REQUIRED ACTION: Reproduce the entire listing exactly as written, apart from its pictures.
--
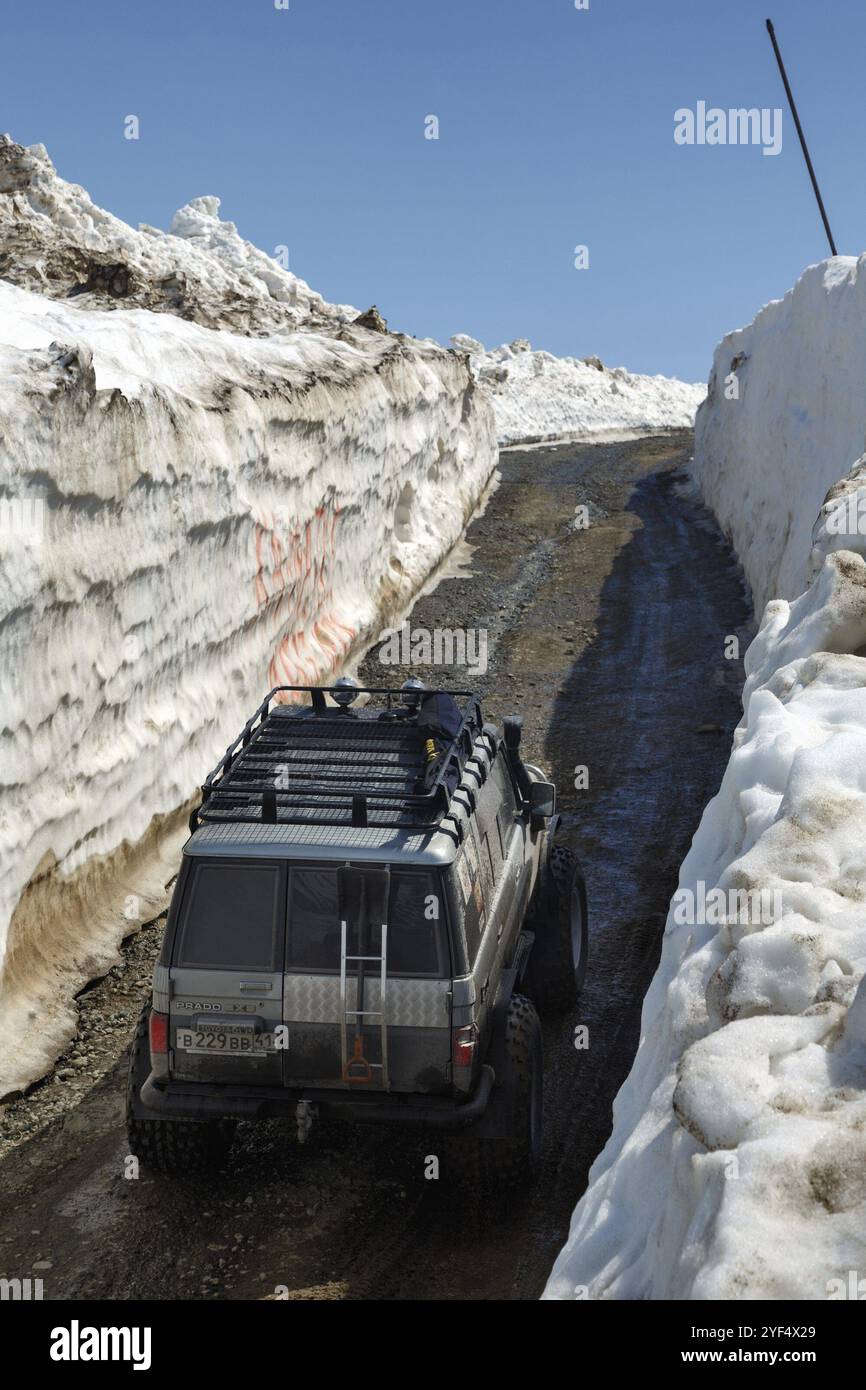 PÉNINSULE DU KAMCHATKA, EXTRÊME-ORIENT RUSSE, 18 JUIN 2017 : voitures hors route japonaises Toyota Land Cruiser Prado conduisant sur la route de montagne dans le tunnel de neige surroun Banque D'Images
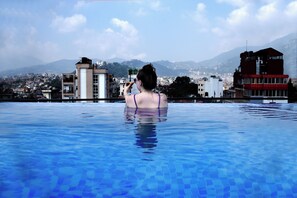 Una persona en una piscina con un paisaje urbano y montañas al fondo.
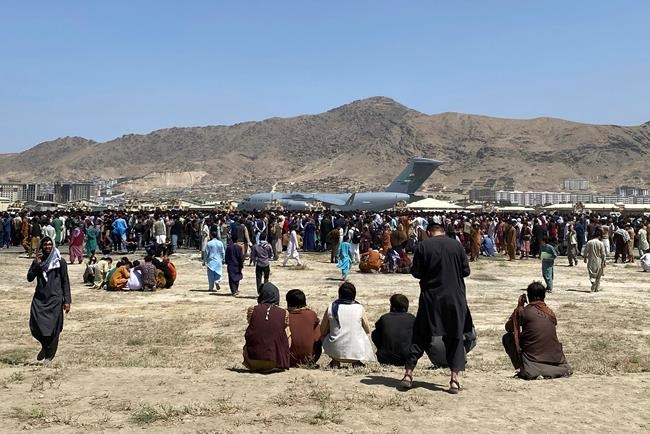 Hundreds of people gather near a U.S. Air Force C-17 transport plane at the perimeter of the international airport in Kabul, Afghanistan, Monday, Aug. 16, 2021. THE CANADIAN PRESS/AP, Shekib Rahmani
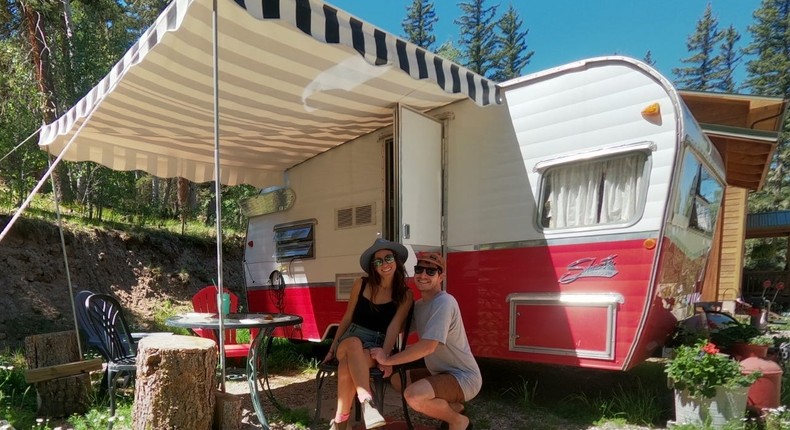 Dylan Barahona and his partner, Mo, in front of their mobile home.
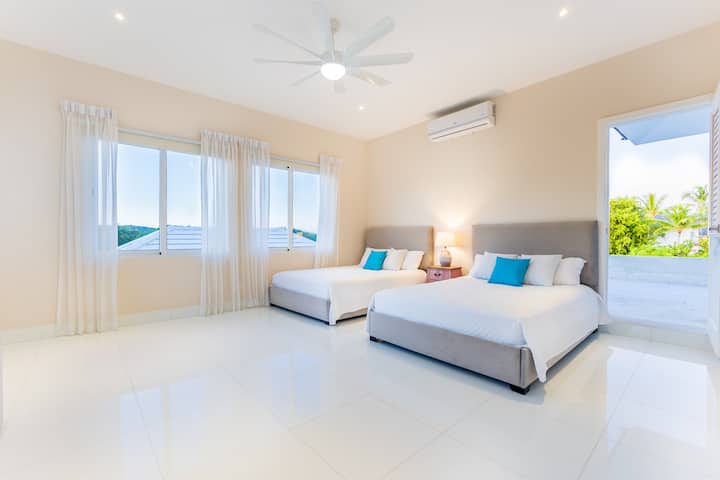 Dormitor luminos pentru oaspeți, cu două paturi matrimoniale „Queen”.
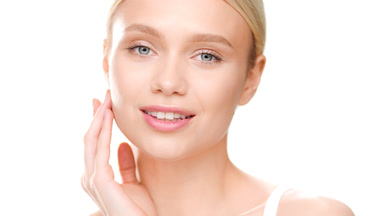 Fit woman touches jaw line turning head to the camera and smiles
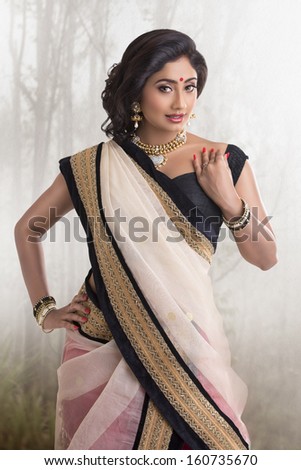 Beautiful Indian Girl With Jewelry In Studio Shoot.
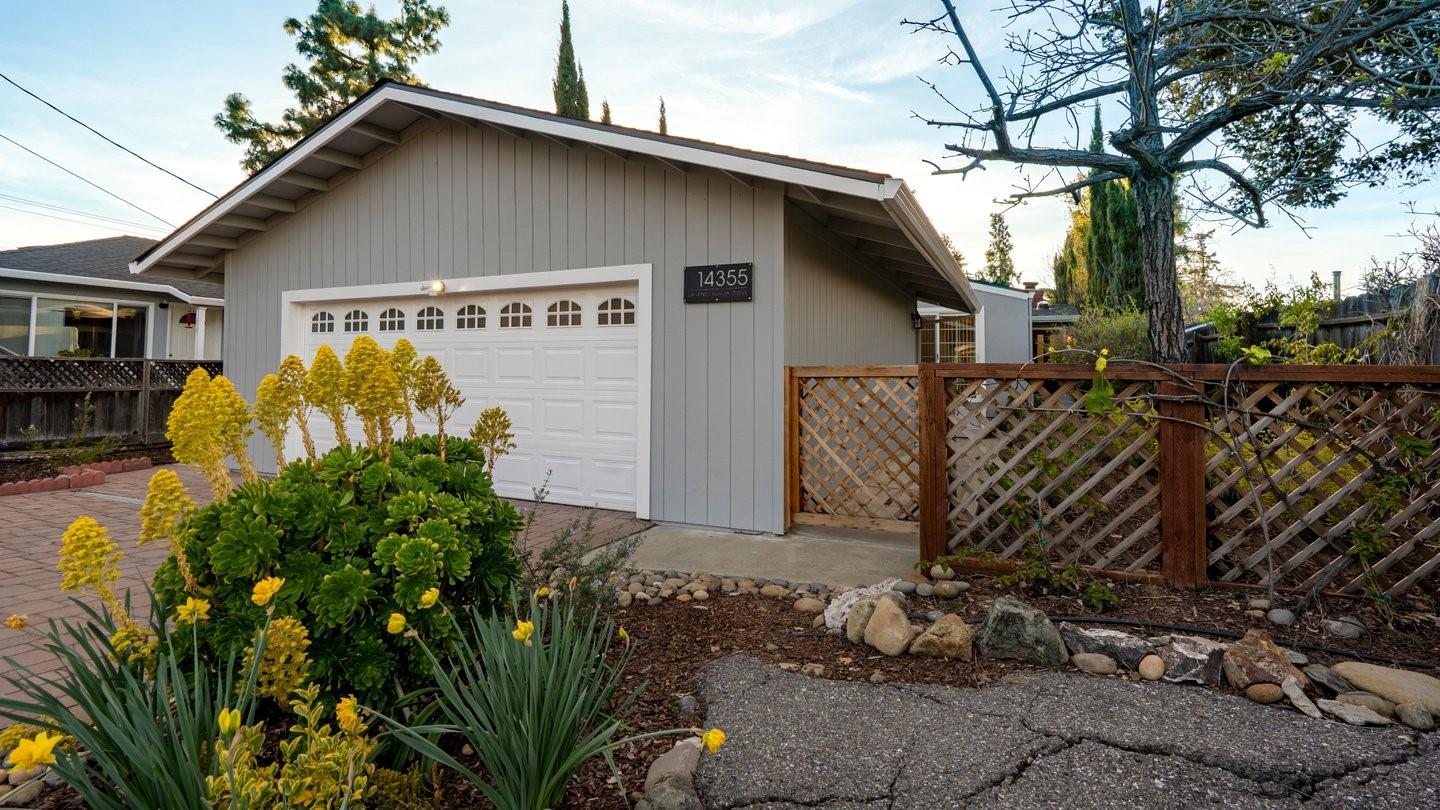 14355 La Rinconada Drive Los Gatos, CA 95032 - Photo 3 of 42 a view of a house with a yard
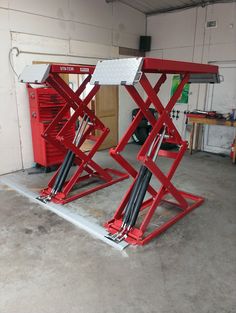 two red scissor lifts in a garage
--
RESPONSE FOR THIS EXERCISE:
 PÉNINSULE DU KAMCHATKA, EXTRÊME-ORIENT RUSSE, 18 JUIN 2017 : voitures hors route japonaises Toyota Land Cruiser Prado conduisant sur la route de montagne dans le tunnel de neige surroun Banque D'Images
 Una persona en una piscina con un paisaje urbano y montañas al fondo.
 Hundreds of people gather near a U.S. Air Force C-17 transport plane at the perimeter of the international airport in Kabul, Afghanistan, Monday, Aug. 16, 2021. THE CANADIAN PRESS/AP, Shekib Rahmani
 Dylan Barahona and his partner, Mo, in front of their mobile home.
 Dormitor luminos pentru oaspeți, cu două paturi matrimoniale „Queen”.
 Fit woman touches jaw line turning head to the camera and smiles
 Beautiful Indian Girl With Jewelry In Studio Shoot.
 14355 La Rinconada Drive Los Gatos, CA 95032 - Photo 3 of 42 a view of a house with a yard
 two red scissor lifts in a garage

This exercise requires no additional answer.